West is comprised of gas gathering, processing, and treating operations in the Rocky Mountain region of Colorado and Wyoming, the Barnett Shale region of north-central Texas, the Eagle Ford Shale region of south Texas, the Haynesville Shale region of east Texas and northwest Louisiana, the Mid-Continent region which includes the Anadarko and Permian basins, and the DJ Basin of Colorado. This segment also includes NGL storage facilities, an undivided 50 percent interest in an NGL fractionator near Conway, Kansas, and a 50 percent equity-method investment in OPPL.
Gas & NGL Marketing Services is comprised of NGL and natural gas marketing and trading operations, which include risk management and transactions related to the storage and transportation of natural gas and NGLs on strategically positioned assets.
Unless indicated otherwise, the following discussion and analysis of results of operations and financial condition and liquidity relates to Williams’ current continuing operations and should be read in conjunction with the financial statements and combined notes thereto of this Form 10-Q and the Annual Report on Form 10-K for the year ended December 31, 2024, dated February 25, 2025.
Dividends
In June 2025, Williams paid a regular quarterly dividend of $0.50 per share.
Overview of Six Months Ended June 30, 2025
Net income (loss) attributable to The Williams Companies, Inc. for the six months ended June 30, 2025, increased $204 million compared to the six months ended June 30, 2024. Further discussion of the results is found in this report in the Results of Operations.
Recent Developments
Transco FERC Rate Case Filing
On August 30, 2024, Transco filed a general rate case with the FERC for an overall increase in rates and to comply with the terms of the settlement of its prior rate case. On September 30, 2024, the FERC issued an order accepting and suspending Transco’s general rate filing to be effective March 1, 2025, subject to refund and the outcome of hearing procedures established by the FERC. The order also accepted rate decreases for certain services to be effective as of October 1, 2024. Transco has provided a reserve for rate refunds, which it believes is adequate for any refunds that may be required.

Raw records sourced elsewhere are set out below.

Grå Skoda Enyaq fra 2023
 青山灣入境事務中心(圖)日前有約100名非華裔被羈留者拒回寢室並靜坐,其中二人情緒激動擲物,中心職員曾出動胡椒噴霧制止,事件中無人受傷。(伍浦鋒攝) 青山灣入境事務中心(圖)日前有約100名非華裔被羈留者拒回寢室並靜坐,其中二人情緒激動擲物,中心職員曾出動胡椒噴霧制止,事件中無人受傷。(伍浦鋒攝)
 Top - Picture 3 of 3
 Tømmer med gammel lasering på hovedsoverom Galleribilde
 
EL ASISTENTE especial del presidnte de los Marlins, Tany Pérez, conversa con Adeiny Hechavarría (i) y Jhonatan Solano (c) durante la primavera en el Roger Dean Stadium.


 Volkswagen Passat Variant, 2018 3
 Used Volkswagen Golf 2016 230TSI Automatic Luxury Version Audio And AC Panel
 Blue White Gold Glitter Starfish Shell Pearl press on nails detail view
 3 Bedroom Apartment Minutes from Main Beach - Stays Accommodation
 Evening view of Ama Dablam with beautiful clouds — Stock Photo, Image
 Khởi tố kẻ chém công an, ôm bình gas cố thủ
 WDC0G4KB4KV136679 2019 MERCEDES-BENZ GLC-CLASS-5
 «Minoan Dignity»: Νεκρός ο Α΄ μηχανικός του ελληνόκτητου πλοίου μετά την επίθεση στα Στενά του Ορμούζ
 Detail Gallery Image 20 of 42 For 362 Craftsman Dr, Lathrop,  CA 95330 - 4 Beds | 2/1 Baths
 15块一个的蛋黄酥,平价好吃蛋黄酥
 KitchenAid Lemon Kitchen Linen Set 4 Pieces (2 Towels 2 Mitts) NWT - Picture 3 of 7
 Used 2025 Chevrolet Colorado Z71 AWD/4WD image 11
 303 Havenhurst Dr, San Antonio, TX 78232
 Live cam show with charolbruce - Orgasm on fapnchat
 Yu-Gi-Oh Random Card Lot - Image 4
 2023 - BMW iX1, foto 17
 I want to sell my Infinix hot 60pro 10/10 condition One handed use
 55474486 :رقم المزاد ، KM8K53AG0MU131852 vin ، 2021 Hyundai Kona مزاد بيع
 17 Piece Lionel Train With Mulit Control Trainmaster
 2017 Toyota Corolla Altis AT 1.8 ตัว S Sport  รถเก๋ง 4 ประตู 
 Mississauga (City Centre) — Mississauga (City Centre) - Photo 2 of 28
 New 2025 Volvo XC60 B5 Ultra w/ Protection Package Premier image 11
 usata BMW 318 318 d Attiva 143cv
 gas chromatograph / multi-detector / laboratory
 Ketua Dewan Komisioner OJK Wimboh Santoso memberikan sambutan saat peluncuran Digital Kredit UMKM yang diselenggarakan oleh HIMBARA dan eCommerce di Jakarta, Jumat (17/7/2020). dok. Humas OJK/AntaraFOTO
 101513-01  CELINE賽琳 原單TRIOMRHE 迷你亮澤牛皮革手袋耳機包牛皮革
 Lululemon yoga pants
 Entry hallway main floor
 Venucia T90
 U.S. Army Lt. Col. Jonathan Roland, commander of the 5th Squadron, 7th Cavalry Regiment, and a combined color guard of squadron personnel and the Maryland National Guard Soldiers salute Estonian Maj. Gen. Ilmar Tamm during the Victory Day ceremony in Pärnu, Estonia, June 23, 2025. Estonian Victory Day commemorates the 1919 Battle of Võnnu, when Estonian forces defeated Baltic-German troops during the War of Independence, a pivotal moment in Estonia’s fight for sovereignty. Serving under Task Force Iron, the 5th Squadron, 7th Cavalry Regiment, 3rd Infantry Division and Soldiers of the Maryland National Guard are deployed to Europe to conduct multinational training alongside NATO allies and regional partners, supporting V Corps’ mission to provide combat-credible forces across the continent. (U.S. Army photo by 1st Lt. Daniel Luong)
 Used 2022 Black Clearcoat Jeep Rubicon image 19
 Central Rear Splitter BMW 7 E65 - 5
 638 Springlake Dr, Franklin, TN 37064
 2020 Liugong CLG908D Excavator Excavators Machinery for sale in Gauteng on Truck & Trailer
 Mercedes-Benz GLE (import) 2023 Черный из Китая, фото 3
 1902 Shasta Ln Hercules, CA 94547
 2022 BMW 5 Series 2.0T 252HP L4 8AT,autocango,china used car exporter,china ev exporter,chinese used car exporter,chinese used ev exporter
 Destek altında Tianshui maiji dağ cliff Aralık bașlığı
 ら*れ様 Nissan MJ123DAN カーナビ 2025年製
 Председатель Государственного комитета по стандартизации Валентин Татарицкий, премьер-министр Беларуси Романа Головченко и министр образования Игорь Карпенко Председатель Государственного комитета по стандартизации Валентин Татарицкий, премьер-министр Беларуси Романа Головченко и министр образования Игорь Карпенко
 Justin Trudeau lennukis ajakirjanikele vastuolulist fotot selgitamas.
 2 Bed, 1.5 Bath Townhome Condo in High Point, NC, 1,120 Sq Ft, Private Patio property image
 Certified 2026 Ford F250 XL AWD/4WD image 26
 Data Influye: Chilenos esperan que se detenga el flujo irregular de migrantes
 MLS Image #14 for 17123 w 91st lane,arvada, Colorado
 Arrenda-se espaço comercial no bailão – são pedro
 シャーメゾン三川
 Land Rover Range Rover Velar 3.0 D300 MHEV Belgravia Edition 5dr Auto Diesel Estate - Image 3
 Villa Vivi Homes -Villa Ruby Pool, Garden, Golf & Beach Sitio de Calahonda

Data Center Power Projects
Williams continues to pursue projects to support the power demands created by new data center development, including an agreement with an unnamed large, investment-grade company to provide onsite natural gas and power generation infrastructure. See Expansion Projects for further discussion of Socrates.
Saber Asset Purchase
In June 2025, Williams acquired 100 percent of Saber Midstream, LLC (Saber). The acquisition, which was accounted for as an asset purchase, included cash consideration of $47 million and the retention of $113 million of Saber’s debt, which was separately repaid in full within the same month. Saber operates a gas gathering system in the Haynesville Shale region in the West segment.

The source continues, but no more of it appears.